Pub.L. No. 97-415, § 20, 96 Stat. 2067, 2079, codified at 42 U.S.C. § 2114(c). To implement this statutory command, the NRC added the following paraphrase of the statutory language to the Introduction accompanying the 1985 Criteria:
“Licensees or applicants may propose alternatives to the specific requirements in this Appendix. The alternative proposals may take into account local or regional conditions, including geology, topography, hydrology, and meterology [sic]. The Commission may find that the proposed alternatives meet the Commission’s requirements if the alternatives will achieve a level of stabilization and containment of the sites concerned, and a level of protection for public health, safety, and the environment from radiological and nonradiological hazards associated with the sites, which is equivalent to, to the extent practicable, or more stringent than the level which would be achieved by the requirements of this Appendix and the standards promulgated by the Environmental Protection Agency in 40 CFR Part 192, Subparts D and E.”
10 C.F.R. pt. 40, app. A.
Petitioners assert that the addition to the Introduction was not sufficient to carry out the statutory command for flexibility.

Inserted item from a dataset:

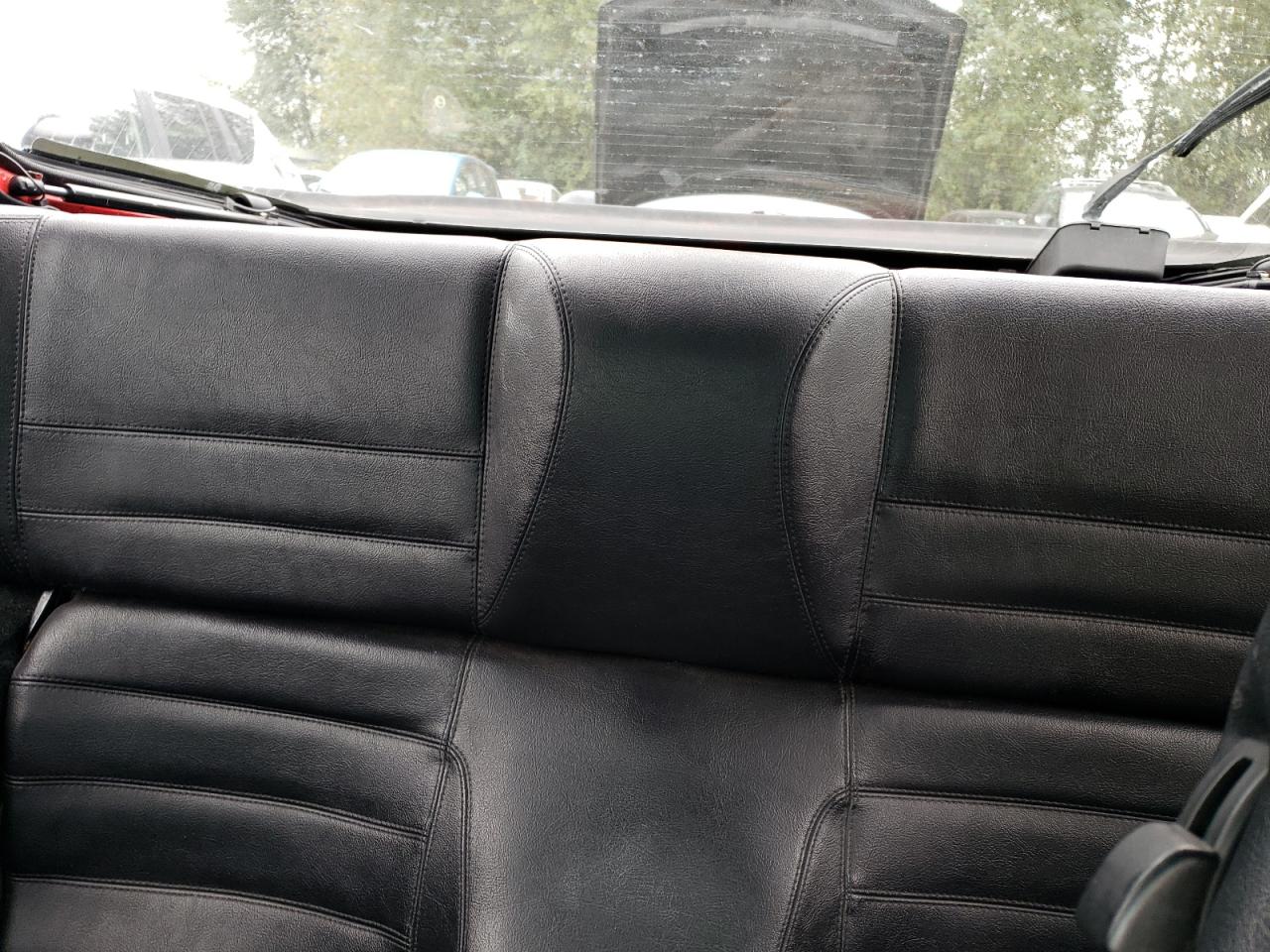 1987 Porsche 944 VIN: WP0AB0942HN474759 Lot: 66315924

We disagree. The NRC drafted its modification to the Introduction as a functional equivalent of the statutory language of § 84(c).15 The Introduction explicitly commits the NRC to evaluate alternatives to the numbered criteria on precisely the terms Congress commands: when the alternative “is equivalent to the extent practicable, or more stringent than” the applicable NRC criteria. 42 U.S.C. § 2114(c). Petitioners may have cause in the future to challenge, in the context of individual licensing procedures, whether the NRC’s application of this provision achieves the statutory command of flexibility.16 See, e.g., E.I. duPont de Nemours & Co. v. Train, 541 F.2d 1018, 1028 (4th Cir.1976) (whether EPA will properly administer provision for variances under Federal Water Pollution Control Act properly reviewable “when a claim for a variance is made in a permit application”), aff'd in relevant part, 430 U.S. 112, 128 n. 19, 97 S.Ct. 965, 975 n. 19, 51 L.Ed.2d 204 (1977). We will not, however, anticipate that the NRC will administer the provision for flexibility so as to violate the command of § 84(c). See West*1260inghouse Elec. Corp. v. United States Nuclear Regulatory Comm’n, 555 F.2d 82, 92 (3d Cir.1977) (refusing to anticipate that application of rule will violate governing statute, and noting ample opportunity for judicial intervention should such violations occur). We conclude that the Introduction adequately incorporates the § 84(c) command for flexibility.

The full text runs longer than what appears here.